* _What you need to do_
When you reach the line in the listing below that contains "Lamborghini Jalpa P 350 rout vum Joer 1981", begin returning lines exactly as written, and stop after the line that contains "Maison à vendre 5 pièces 142 m² Épernay". Return no other lines.

* _Data for the task_
'''

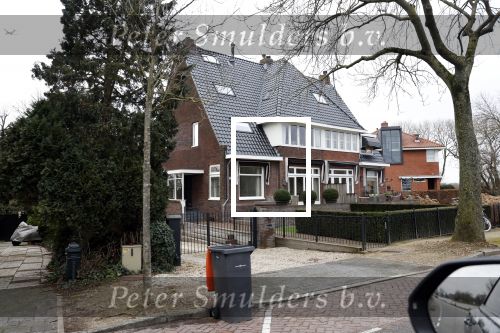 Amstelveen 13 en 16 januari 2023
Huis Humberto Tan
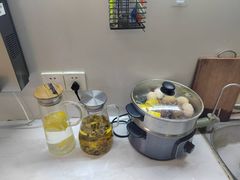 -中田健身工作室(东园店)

'''
'''

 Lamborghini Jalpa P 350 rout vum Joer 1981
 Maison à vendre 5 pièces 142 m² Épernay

'''

* _Worked solution_
 Lamborghini Jalpa P 350 rout vum Joer 1981
 Maison à vendre 5 pièces 142 m² Épernay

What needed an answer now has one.